PageSpeed Insights API (no key needed for light usage):

GET https://www.googleapis.com/pagespeedonline/v5/runPagespeed?url=[URL]&category=seo&strategy=mobile
GET https://www.googleapis.com/pagespeedonline/v5/runPagespeed?url=[URL]&category=seo&strategy=desktop

If user wants full-site crawl:

npx unlighthouse --site [URL] --reporter jsonExpanded

Failure handling: If any check fails (timeout, auth wall, network error), note in the report: "Could not access [URL] — [reason]. Skipping live check." Continue with codebase-only findings.

Extract from Lighthouse JSON:

  • SEO score (0-100)
  • Specific audit failures (missing meta descriptions, missing alt text, etc.)
  • Core Web Vitals (LCP, CLS, INP)

Extract from PageSpeed API:

  • Mobile and desktop SEO scores
  • Opportunities for improvement

Phase 3: Report & Act

Step 1: Generate Report

Create: docs/audits/YYYY-MM-DD-seo-audit.md

# SEO Audit Report

**Date:** YYYY-MM-DD
**Framework:** [detected framework]
**Marketing pages:** [count]
**App pages:** [count] (basics only)
**Live URL:** [URL or "not provided"]
**Live checks:** [run / not run]

## Summary

[1-2 paragraph overview of findings]

- **Critical:** X issues
- **High:** X issues
- **Medium:** X issues

## Critical Issues

> Indexing is broken or severely impaired

### [Issue Title]
**File:** `path/to/file.ts:123`
**Category:** [Crawlability / Indexability / On-page / etc.]
**Issue:** [What's wrong]
**Impact:** [How this affects SEO]
**Fix:** [Specific change needed]

## High Priority

> Core SEO elements missing

[Same format per finding]

## Medium Priority

> Suboptimal but not broken

[Same format per finding]

## Live Site Results

> From Lighthouse and PageSpeed (if run)

**Lighthouse SEO Score:** [X/100]
**Core Web Vitals:**
- LCP: [value] — [good/needs improvement/poor]
- CLS: [value] — [good/needs improvement/poor]
- INP: [value] — [good/needs improvement/poor]

**PageSpeed:**
- Mobile SEO: [X/100]
- Desktop SEO: [X/100]

[Specific audit failures from Lighthouse]

## Google Search Console

**Status:** [Verified / Not verified]

If not verified, submit your site now:
→ **Add your site:** [https://search.google.com/search-console/welcome](https://search.google.com/search-console/welcome)

After verification, submit your sitemap:
→ **Submit sitemap:** `https://search.google.com/search-console/sitemaps?resource_id=https://[DOMAIN]/`

Without Search Console, Google won't alert you to indexing problems, crawl errors, or manual actions.
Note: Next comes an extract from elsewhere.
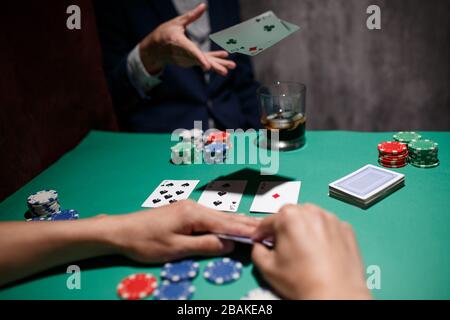 Professionelles Pokerspiel. Pokertisch mit zwei Spielen. Pokerspieler faltet, indem er Karten auf den Tisch wirft Stockfoto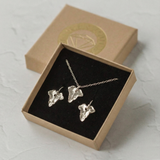 Dainty silver ivy leaf necklace and matching earrings presented together in a jewellery gift box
This is not optional for any site that needs organic traffic.

## Manual Validation Tools

Check these tools for additional validation:
- [Google Rich Results Test](https://search.google.com/test/rich-results?url=[URL])
- [Facebook Sharing Debugger](https://developers.facebook.com/tools/debug/?q=[URL])
- [Twitter Card Validator](https://cards-dev.twitter.com/validator)
- [LinkedIn Post Inspector](https://www.linkedin.com/post-inspector/)

## Framework-Specific Recommendations

[Tailored to detected framework — Next.js Metadata API, Astro SEO patterns, etc.]

Step 2: Determine Fix Approach

Count the number of files affected by findings.

Fix heuristic:

  • 1-3 files affected: Offer to fix directly. "I found [N] issues across [N] files. I can fix these now. Should I?"
  • 4-10 files affected: Give the user a choice. "There are [N] issues across [N] files. Want me to fix them now, or create an implementation plan with /arc:detail?"
  • 10+ files affected: Recommend a plan. "There are [N] issues across [N] files. This needs a structured approach. Want me to create an implementation plan with /arc:detail?"

Use AskUserQuestion to present the appropriate options based on file count.

Step 3: Framework-Specific Advice

Tailor recommendations to the detected framework:

Next.js (App Router):

  • Use Metadata API (export const metadata or generateMetadata)
  • Use opengraph-image.tsx for dynamic OG images
  • Use robots.ts for programmatic robots.txt
  • Use sitemap.ts for dynamic sitemap generation
  • Use icon.tsx for dynamic favicons

Next.js (Pages Router):

  • Use next/head for meta tags
  • Use next-seo package or custom SEO component
  • Static sitemap generation with next-sitemap

Remix:

  • Use meta function exports per route
  • Handle OG images in resource routes

Astro:

  • Use <head> in layout components
  • SEO component pattern for reusable meta
  • Built-in sitemap integration (@astrojs/sitemap)

Other:

  • Standard HTML meta tag patterns
  • Suggest popular SEO packages if applicable

Step 4: Commit Report

mkdir -p docs/audits
git add docs/audits/YYYY-MM-DD-seo-audit.md
git commit -m "docs: add SEO audit report"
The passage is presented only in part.